To me, the very least of all saints, this grace was given, to preach to the Gentiles the unfathomable riches of Christ
Paul referred to the message he was entrusted to deliver as “unfathomable [unsearchable, KJV] riches.” What is it about this message, that he would describe it in such lofty terms?
No doubt he saw in Christ such a boundless provision for all the wants of man’s soul that he knew no other phrase to convey his meaning. From whatever standpoint he beheld Jesus, he saw in Him far more than mind could conceive, or tongue could tell. What he precisely intended must necessarily be matter of conjecture. But it may be useful to set down in detail some of the things which most probably were in his mind. . . . Let us glance briefly at some of them.
(a) Set down, first and foremost, in your minds that there are unsearchable riches in Christ’s person. That miraculous union of perfect Man and perfect God in our Lord Jesus Christ is a great mystery, no doubt, which we have no line to fathom. . . . Infinite power and infinite sympathy are met together and combined in our Saviour. If He had been only Man He could not have saved us. If He had been only God (I speak with reverence) He could not have been ‘touched with the feeling of our infirmities,’ nor ‘suffered Himself being tempted’ (Heb. 2:18; 4:15). As God, He is mighty to save; and as Man, He is exactly suited to be our Head, Representative, and Friend. . . . It is a rich and precious truth that our Lord Jesus Christ is both ‘God and Man.’
(b) Set down, next, in your minds that there are unsearchable riches in the work which Christ accomplished for us, when He lived on earth, died, and rose again. Truly and indeed, ‘He finished the work which His Father gave Him to do’ (John 17:4)—the work of atonement for sin, the work of reconciliation, the work of redemption, the work of satisfaction, the work of substitution as ‘the just for the unjust.’ . . .
(c) Set down, next, in your minds that there are unsearchable riches in the offices which Christ at this moment fills, as He lives for us at the right hand of God. He is at once our Mediator, our Advocate, our Priest, our Intercessor, our Shepherd, our Bishop, our Physician, our Captain, our King, our Master, our Head, our Forerunner, our Elder Brother, the Bridegroom of our souls. . . .
(d) Set down, next, in your minds that there are unsearchable riches in the names and titles which are applied to Christ in the Scriptures. . . . Think for a moment of such titles as the Lamb of God—the bread of life—the fountain of living waters—the light of the world—the door—the way—the vine—the rock—the corner stone—the Christian’s robe—the Christian’s altar. Think of all these names, I say, and consider how much they contain. To the careless, worldly man they are mere ‘words,’ and nothing more; but to the true Christian each title, if beaten out and developed, will be found to have within its bosom a wealth of blessed truth.

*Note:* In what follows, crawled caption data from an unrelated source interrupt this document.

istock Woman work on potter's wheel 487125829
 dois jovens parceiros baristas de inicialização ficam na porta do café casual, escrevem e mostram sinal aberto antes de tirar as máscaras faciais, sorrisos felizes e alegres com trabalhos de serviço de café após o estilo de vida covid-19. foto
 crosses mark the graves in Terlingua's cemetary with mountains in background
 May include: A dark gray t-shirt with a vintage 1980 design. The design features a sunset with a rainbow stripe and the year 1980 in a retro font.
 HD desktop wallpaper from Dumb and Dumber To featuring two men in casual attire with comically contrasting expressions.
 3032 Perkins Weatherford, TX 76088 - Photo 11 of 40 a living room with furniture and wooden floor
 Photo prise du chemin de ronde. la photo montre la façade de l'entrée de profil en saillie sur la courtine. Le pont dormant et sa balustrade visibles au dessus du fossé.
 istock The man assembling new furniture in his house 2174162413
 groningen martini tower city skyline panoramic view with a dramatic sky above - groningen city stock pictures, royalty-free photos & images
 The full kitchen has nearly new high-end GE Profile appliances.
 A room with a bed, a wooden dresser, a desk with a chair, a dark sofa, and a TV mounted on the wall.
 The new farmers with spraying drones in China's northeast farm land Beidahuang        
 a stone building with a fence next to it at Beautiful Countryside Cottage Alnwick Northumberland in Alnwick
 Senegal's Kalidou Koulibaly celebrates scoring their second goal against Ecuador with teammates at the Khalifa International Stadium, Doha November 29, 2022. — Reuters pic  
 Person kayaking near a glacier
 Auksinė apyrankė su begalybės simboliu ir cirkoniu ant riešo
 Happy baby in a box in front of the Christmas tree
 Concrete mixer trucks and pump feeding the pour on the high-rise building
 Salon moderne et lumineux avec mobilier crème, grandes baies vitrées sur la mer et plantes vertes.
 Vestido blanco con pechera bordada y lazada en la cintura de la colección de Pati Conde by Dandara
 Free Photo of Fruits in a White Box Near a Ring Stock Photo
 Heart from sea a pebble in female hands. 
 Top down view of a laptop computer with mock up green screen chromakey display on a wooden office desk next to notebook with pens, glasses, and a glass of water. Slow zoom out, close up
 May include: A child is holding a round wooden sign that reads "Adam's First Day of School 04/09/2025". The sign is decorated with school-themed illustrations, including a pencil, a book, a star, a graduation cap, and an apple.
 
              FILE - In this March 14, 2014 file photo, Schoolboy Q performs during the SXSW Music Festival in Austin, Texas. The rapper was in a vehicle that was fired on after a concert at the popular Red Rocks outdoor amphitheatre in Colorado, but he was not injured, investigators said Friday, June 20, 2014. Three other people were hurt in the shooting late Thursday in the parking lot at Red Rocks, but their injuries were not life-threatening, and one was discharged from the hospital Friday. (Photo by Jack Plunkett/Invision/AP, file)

(e) Set down, lastly, in your minds that there are unsearchable riches in the characteristic qualities, attributes, dispositions, and intentions of Christ’s mind towards man, as we find them revealed in the New Testament. In Him there are riches of mercy, love, and compassion for sinners—riches of power to cleanse, pardon, forgive, and to save to the uttermost—riches of willingness to receive all who come to Him repenting and believing—riches of ability to change by His Spirit the hardest hearts and worst characters—riches of tender patience to bear with the weakest believer—riches of strength to help His people to the end, notwithstanding every foe without and within—riches of sympathy for all who are cast down and bring their troubles to Him—and last, but not least, riches of glory to reward, when He comes again to raise the dead and gather His people to be with Him in His kingdom. Who can estimate these riches? The children of this world may regard them with indifference, or turn away from them with disdain; but those who feel the value of their souls know better. They will say with one voice, ‘There are no riches like those which are laid up in Christ for His people.’
For, best of all, these riches are unsearchable. They are a mine which, however long it may be worked, is never exhausted. They are a fountain which, however many draw its waters, never runs dry. . . . Millions have drawn from Him in days gone by, and looking to Him have lived with comfort, and with comfort died. Myriads at this moment are drawing from Him daily supplies of mercy, grace, peace, strength, and help, and find ‘all fulness’ dwelling in Him. And yet the half of the riches laid up in Him for mankind, I doubt not, is utterly unknown! Surely the Apostle might well use that phrase, ‘the unsearchable riches of Christ.’
—J. C. Ryle, Holiness (Banner of Truth, 2014), 384–387.